Figure Of 8 Stretch For Neck Pain
The secret to increasing the mobility and suppleness of your neck over time is to have the necessary skill and awareness to stretch the bones themselves instead of the muscles. This is because stiff necks are stiff from within the spine itself.
The good news is that while there is a trick to stretching the spinal bones it is quite simple and all you need to do is follow this exercise to the letter and you will have success.
- Sit up nice and straight away from the back of a chair / or do it standing. Gently lift the top of your head so that your neck is gently lengthened. Make sure you are facing 100% forward and square – there will be a temptation during this exercise to slightly turn your head so you want to keep a keen focus on keeping facing dead straight forward.
2.Gently lift your right ear upwards towards the ceiling so that you stretch up the side of the neck… keeping your nose and chin facing forward.
3. One your right ear is fully but gently stretched up you start the process of stretching the left ear up towards the ceiling in the same way .. gently! Once you have stretched the left ear upward fully you have completed one full repetition. The next repetition starts as you immediately begin the life the right ear once again.
4. As you continue gently lift each ear with your chin facing forward the individual repetitions flow into one another. The idea is to make it a continuous smooth movement. The best way to self prescribe this is to do it from 3-5 minutes at a time.
*BE GENTLE, the idea is that the number of repetitions loosen the neck as opposed to hard stretching. This exercise can create vastly increased neck mobility over time, but if you try and rush it your could just get sore.
*keep that chin facing forward, this is the secret to mobilising deep into that spinal bones. If you turn your head to the side as you lift the ear up you’ll just turn it into a weak stretch. Hearing little clicks and pops is confirmation you are doing this right.
Neck Flex Stretch For Postural Release
When we hunch habitually it shortens the connective tissue deep in the neck and upper shoulders, over time this shortening contributes to the tightness that so many of us feel day to day. By flexing the neck downwards you lengthen the connective tissue at the back of your neck. Forward flexion of the neck like this is a very safe stretch because it doesn’t compress the spinal joints, this is why we can assist this stretch with a bit of downward hand pressure. Nonetheless it is one to do cautiously, especially if you have a lot of neck pain, almost anything can stir up a neck if it is sufficiently inflamed.
1.Sit up nice and straight away from the back of a chair / or do it standing. Gently lift the top of your head so that your neck is gently lengthened. Make sure you are facing 100% forward and square. Gently drop your head forward whilst keeping the rest of your spine upright. Assess the feeling of stretch in the back of your neck. If it feels like sufficient stretch that it is ‘getting into’ the tightness in your neck just hold it there and breathe for a minute or so.. if you feel you can stretch more progress to step 2.

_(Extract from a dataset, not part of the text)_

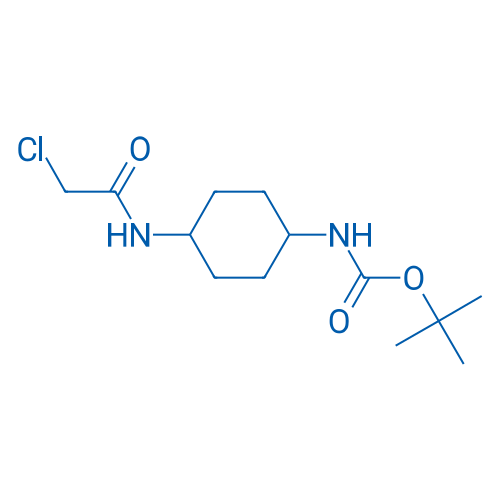 tert-Butyl (4-(2-chloroacetamido)cyclohexyl)carbamate 1g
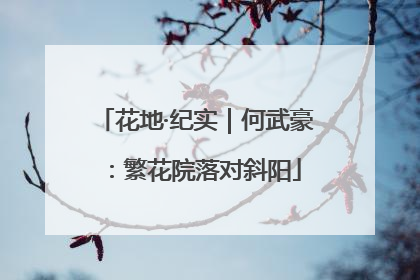 花地·纪实｜何武豪：繁花院落对斜阳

2. To deepen the stretch interlink your fingers behind your head and gently apply downward pressure to the back of your neck, thus deepening the stretch. A good stretch shoulder be felt up the midline at the back of the neck, this is the connective tissue lengthening. Hold the stretch as deeply as you feel inclined to for a full minute and then sloooowly release back to an upright position.
3. Repeat the stretch with or without hands 3 times. this takes you up to 3 minutes of stretch in total.
*a big part of the secret with this stretch is to stay nice and upright with your whole spine and only flex the neck forward. I you slouch your whole spine forward you will be hunching just like you do at the desk..
*repeat this several times a day.. or more, its not likely you will overdo a stretch like this given that it is potentially a counterpoint to the tightness involved in generating neck pain, shoulder pain and stiffness from sitting poorly up to 8 hours a day.
*seek a balance between forcing and being too gentle, firm but fair is the right spirit. Build up there pressure you exert over weeks and months.
Bonus Exercise – Daily Neck Lifts For Great Posture
This is a simple but powerful trick you can do any time. It is an action that you can take in those moments when you want to correct your posture. Basically what you do is focus gently on the top of your head and lift it a couple of millimetres upwards towards the ceiling, hold it for a few moments then consciously let it back ‘down’.
Don’t consciously try to stay upright.. you won’t. The best way to re-wire your posture is for 2-3 seconds somewhere between 10 and 100 times a day. This is in contrast to ‘trying to sit upright’ this creates internal conflict between the conscious and subconscious. If you are willing to deliberately dip your toe gently in being upright for 2-3 seconds at a time.. notice how it feels then consciously return to your normal posture you will undergo a gradual transformation. Promise.